» **WHAT IS EXPECTED**
Give back exactly the stretch of data below from the line holding "two people standing on top of a mountain" through the line holding "a small bedroom with a bed and a window", both ends included, and leave the remaining lines out.

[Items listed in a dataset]

************

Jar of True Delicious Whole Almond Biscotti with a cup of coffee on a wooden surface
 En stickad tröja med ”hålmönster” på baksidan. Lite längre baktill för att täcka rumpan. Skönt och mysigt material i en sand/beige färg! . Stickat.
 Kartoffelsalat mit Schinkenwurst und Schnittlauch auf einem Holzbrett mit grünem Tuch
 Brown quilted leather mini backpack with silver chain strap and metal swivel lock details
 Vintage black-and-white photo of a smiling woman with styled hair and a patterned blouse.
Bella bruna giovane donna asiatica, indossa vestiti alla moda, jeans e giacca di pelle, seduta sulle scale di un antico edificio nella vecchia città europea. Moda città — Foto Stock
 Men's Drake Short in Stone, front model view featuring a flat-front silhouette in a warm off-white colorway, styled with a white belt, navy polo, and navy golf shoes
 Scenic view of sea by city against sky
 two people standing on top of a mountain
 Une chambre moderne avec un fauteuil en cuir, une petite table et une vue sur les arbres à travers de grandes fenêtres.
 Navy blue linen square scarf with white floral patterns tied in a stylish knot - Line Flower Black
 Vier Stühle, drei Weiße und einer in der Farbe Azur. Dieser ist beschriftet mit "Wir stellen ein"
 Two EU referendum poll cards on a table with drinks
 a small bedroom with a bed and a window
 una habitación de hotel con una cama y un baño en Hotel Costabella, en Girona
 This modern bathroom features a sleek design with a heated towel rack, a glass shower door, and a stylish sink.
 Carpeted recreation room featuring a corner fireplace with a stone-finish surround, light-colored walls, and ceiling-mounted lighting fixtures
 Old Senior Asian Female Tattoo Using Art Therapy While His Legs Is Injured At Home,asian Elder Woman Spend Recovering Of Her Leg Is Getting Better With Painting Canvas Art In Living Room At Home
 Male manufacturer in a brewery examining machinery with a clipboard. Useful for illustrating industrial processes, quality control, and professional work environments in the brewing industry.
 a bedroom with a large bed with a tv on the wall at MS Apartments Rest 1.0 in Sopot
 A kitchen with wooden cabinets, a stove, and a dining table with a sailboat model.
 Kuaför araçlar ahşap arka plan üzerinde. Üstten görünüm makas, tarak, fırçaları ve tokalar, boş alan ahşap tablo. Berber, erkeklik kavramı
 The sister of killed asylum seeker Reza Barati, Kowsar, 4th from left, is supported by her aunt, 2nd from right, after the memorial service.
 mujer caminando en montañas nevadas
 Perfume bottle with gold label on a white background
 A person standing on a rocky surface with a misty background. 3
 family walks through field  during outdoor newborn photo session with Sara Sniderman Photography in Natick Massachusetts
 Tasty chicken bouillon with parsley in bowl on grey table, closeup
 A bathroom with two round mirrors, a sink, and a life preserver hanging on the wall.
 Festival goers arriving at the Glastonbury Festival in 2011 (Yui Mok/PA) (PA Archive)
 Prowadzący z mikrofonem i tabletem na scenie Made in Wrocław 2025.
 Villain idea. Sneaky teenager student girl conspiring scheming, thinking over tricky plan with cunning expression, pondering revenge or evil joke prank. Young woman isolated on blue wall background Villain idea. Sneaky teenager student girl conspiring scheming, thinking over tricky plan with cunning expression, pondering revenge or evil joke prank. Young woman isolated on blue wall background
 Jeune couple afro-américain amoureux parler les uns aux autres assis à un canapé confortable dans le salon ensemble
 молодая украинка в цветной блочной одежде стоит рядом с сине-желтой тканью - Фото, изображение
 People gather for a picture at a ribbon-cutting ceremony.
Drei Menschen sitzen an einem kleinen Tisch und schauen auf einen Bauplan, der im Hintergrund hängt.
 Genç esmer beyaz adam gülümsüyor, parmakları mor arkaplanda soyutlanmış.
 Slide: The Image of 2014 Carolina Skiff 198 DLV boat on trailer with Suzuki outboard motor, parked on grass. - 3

************

» **EXPECTED OUTPUT**
 two people standing on top of a mountain
 Une chambre moderne avec un fauteuil en cuir, une petite table et une vue sur les arbres à travers de grandes fenêtres.
 Navy blue linen square scarf with white floral patterns tied in a stylish knot - Line Flower Black
 Vier Stühle, drei Weiße und einer in der Farbe Azur. Dieser ist beschriftet mit "Wir stellen ein"
 Two EU referendum poll cards on a table with drinks
 a small bedroom with a bed and a window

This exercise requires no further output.